Norfolk Island is an island in Melanesia, administered as part of New South Wales in Australia. It is 1600 km (1000 mi) east of Sydney and Brisbane and 1000 km (620 mi) northwest of Auckland. It’s an ideal relaxation destination, with a range of accommodation and dining, beautiful vistas, history and reefs.
There are two settlements on the island:
- 1 Kingston— the historic settlement, convict ruins and beaches.
- 1 Burnt Pine— the commercial centre. Shopping and dining.
Although the distance between Burnt Pine and Kingston may look walkable on the map, it is a steep road with no footpath or lighting. Car is best.
There are a number of other small settlements on the island but residences and attractions are distributed around the island.
Captain Cook discovered and named the island after Lady Norfolk during his second voyage around the world. He observed the presence of the tall Norfolk Pine, that he thought would be suitable for ship’s masts, and flax that would be useful for sails.
The first settlement was established by the British a few months after their settlement in New South Wales in 1788. Some of the most capable men and women were sent from Sydney to the island, to exploit what Cook had observed. It was also hoped they could be a source of food and other supplies to the struggling settlers in Sydney town. None of these hopes were realised, and the colonists on Norfolk Island were also struggling to feed themselves. When the island was evacuated, nearly all of the structures were destroyed.
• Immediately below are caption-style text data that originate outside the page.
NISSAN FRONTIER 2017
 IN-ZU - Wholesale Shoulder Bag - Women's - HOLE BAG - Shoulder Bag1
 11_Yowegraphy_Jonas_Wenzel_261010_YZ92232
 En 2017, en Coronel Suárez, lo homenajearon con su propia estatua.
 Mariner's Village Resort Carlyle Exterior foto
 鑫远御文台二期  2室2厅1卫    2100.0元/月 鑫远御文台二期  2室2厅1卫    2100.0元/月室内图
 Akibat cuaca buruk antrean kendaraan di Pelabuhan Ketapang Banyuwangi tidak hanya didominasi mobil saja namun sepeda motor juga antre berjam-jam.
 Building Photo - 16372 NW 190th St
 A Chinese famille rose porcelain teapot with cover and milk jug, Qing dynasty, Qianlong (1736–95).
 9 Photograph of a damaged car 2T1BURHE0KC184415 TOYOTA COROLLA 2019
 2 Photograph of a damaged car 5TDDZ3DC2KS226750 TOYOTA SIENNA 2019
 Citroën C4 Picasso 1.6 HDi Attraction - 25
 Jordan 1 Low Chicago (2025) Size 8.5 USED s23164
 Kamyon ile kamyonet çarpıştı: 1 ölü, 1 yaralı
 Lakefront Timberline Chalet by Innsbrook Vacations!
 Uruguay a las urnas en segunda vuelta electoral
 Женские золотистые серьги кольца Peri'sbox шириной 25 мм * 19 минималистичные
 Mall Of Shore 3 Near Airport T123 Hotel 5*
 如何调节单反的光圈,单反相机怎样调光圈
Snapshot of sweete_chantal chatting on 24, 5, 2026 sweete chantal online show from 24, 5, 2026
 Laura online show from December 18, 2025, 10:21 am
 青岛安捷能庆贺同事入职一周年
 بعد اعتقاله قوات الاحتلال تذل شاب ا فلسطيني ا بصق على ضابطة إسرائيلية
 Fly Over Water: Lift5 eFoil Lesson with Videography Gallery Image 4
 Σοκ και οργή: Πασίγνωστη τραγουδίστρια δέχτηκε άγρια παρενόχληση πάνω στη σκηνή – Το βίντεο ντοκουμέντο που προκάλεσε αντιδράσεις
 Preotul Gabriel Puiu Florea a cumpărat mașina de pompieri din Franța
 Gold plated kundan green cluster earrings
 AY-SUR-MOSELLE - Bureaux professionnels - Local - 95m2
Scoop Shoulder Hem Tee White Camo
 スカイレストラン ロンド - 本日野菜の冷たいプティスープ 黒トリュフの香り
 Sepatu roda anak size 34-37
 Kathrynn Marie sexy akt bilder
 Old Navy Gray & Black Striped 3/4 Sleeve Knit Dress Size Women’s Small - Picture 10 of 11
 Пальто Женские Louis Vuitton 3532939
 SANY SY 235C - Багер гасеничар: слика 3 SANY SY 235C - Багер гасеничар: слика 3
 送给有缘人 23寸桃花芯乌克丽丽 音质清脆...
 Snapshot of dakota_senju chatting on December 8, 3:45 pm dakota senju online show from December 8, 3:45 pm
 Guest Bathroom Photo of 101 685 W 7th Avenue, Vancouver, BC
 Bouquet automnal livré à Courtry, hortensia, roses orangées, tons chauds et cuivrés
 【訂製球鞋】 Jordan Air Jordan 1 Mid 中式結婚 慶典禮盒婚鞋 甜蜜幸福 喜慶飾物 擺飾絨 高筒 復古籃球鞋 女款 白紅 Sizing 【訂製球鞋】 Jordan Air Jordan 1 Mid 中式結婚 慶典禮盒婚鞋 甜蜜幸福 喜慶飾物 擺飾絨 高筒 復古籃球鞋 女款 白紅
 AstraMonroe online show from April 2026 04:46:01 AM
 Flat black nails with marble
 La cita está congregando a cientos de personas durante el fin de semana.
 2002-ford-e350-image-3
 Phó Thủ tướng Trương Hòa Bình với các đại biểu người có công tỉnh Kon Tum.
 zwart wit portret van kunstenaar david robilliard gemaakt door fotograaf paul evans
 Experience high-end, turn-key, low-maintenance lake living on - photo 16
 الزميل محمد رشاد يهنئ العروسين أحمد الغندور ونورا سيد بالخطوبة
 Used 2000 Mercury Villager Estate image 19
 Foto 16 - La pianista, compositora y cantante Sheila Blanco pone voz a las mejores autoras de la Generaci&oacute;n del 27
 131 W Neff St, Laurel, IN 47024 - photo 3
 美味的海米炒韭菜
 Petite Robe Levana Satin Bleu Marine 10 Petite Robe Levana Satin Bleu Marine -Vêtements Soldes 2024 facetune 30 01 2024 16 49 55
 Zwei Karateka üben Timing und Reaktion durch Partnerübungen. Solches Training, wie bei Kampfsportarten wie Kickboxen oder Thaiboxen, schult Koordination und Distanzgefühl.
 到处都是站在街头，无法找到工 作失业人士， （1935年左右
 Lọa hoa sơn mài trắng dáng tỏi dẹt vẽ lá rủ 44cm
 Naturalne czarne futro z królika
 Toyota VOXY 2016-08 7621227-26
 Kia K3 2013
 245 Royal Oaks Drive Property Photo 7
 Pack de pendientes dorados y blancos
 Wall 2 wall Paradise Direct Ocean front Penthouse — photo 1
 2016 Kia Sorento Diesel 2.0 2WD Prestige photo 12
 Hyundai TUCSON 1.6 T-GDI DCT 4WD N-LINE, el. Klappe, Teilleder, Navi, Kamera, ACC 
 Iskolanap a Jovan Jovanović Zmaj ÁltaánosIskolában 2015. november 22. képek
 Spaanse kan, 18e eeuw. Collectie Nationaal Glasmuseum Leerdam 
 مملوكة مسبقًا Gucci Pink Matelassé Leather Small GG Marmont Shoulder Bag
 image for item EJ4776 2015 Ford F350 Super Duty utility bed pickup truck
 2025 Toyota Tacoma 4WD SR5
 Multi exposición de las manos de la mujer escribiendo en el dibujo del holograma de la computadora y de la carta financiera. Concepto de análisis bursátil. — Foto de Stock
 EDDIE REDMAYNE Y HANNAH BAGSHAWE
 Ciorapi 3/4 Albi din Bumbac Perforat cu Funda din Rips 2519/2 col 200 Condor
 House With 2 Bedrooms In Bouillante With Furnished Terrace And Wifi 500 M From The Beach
The second settlement was from 1825 to 1855. This time the settlement was made with a purely punitive function. Whereas the first settlement was made up of free settlers, convicts and military, and also had both genders, the second settlement was all male, and all convicts and military. Many of the military left their wives and children in Sydney while they served their time on Norfolk. Over 2000 convicts were housed on the island, more than the total present-day population. Substantial structures were built. Eventually the cost of running the colony was no longer justified, and the convicts were all transferred to Van Diemens Land and the colony evacuated.
The third settlement in 1856 was by former inhabitants of Pitcairn Island. The Pitcairn Islanders were descendants of the Bounty mutineers (Christian, Young, McCoy, Adams, Quintal) and the later Pitcariners (Buffett, Evans and Nobbs). Pitcairn Island was unable to support 200 inhabitants, and Queen Victoria offered them land grants on Norfolk Island with the convicts departing. The administrators of the island from the second settlement stayed long enough to show the Pitcairners the way of life on Norfolk, before they themselves left the island.
Although Norfolk Island has been a self-governing territory of Australia for much of its history, in 2016, the Australian government decided to reduce Norfolk Island’s autonomy and annex it to the state of New South Wales.
Later influences were from the American sealers, and migration from Australians and New Zealanders.